- Born: Carolyn McKenzie 1919
- Died: April 21, 2010 (aged 90–91)
- Other names: Mrs. Don Carter Carolyn Carter
- Education: University of Georgia
- Occupation: Photojournalist
- Spouse: Donnel Earl Carter (m. 1942)

= Carolyn McKenzie Carter =

American photojournalist (1919–2010)

Carolyn McKenzie Carter (1919 – April 21, 2010) was an American photojournalist who worked for the Atlanta Constitution (now The Atlanta Journal-Constitution) from 1940 until the early 1950s.

== Early life ==
Carter was born in 1919 and was raised in Moultrie, Georgia. She was a graduate of the Nashville-based Ward-Belmont School. She graduated from the University of Georgia's Henry W. Grady College of Journalism and Mass Communications in 1940.

Carter met Lieutenant Donnel Earl Carter, cousin of President Jimmy Carter and a journalist for a competing newspaper, when her work ended up on the front page of the paper and his was relegated to the end pages.
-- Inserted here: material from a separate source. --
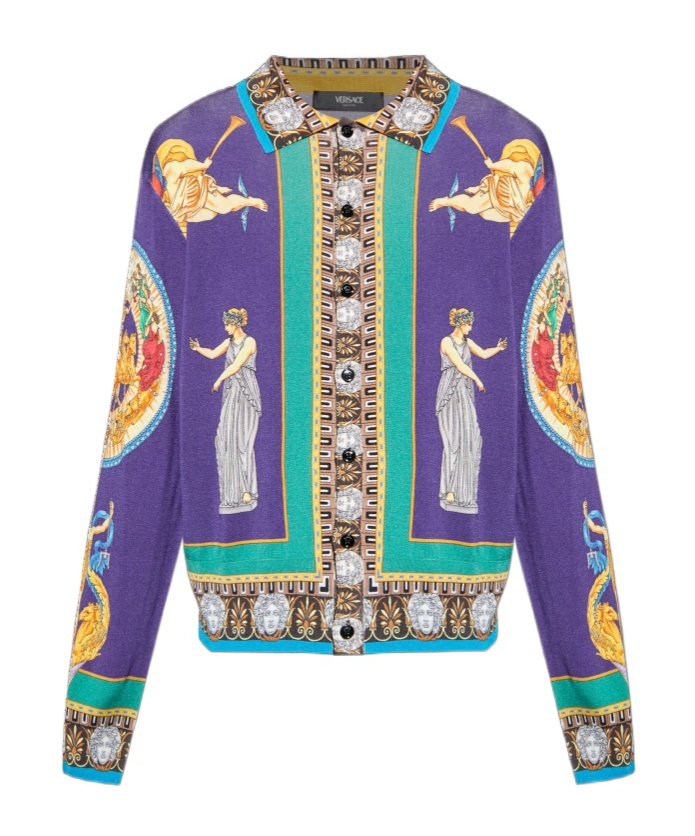 Versace Hall Of Statues Silk Cardigan In Purple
The couple married in 1942.

== Career ==
In 1940, Carter was hired by Ralph McGill to work for the Atlanta Constitution, thereby becoming the first women to serve as a photojournalist at the publication. In the 1940s, she worked for the Gainesville Daily Register and the Alexandria Daily Town Talk newspapers. She would also work at The Atlanta Journal-Constitutions Sunday magazine where captured photographs of the American South.

When the war concluded, Carter began covering more domestic topics, which included one well-known image of a child showing how an iron lung was used. In 1954, Carter became a commercial photographer for the Coca-Cola Company, traveling overseas to document the organization's international expansion for its employee magazine, The Refresher. She worked at Coca-Cola for five years. In 1959, she moved to New York and did freelance work for the Georgia Department of Industry, Trade and Travel.

In 2012, her husband Don Carter created the University of Georgia Don E. and Carolyn McKenzie Carter Endowment for Journalism to fund the University’s Chair for Excellence in Journalism

Carter died on April 21, 2010.

==Selected publications==
- Carter, Carolyn McKenzie (1943). "War Wives in Journalism"
- Carter, Carolyn (1945). "Dangling on a rope under Georgia"
- Talmadge, Betty (1977). "How to Cook a Pig & Other Back-to-the-Farm Recipes: An Autobiographical Cookbook"

== Awards and honors ==
In 1959, Carter was designated a master photographer by the Professional Photographers of America. She was the first female named “Man of the Year” from the Industrial Photographers of America.

The Carolyn Carter Award was established in 1986 by Georgia's Department of Industry, Trade and Travel. In 2008, she was a member of the inaugural class of Grady Fellows at the University of Georgia.

Carter was inducted into the Georgia Women of Achievement Hall of Fame in 2017.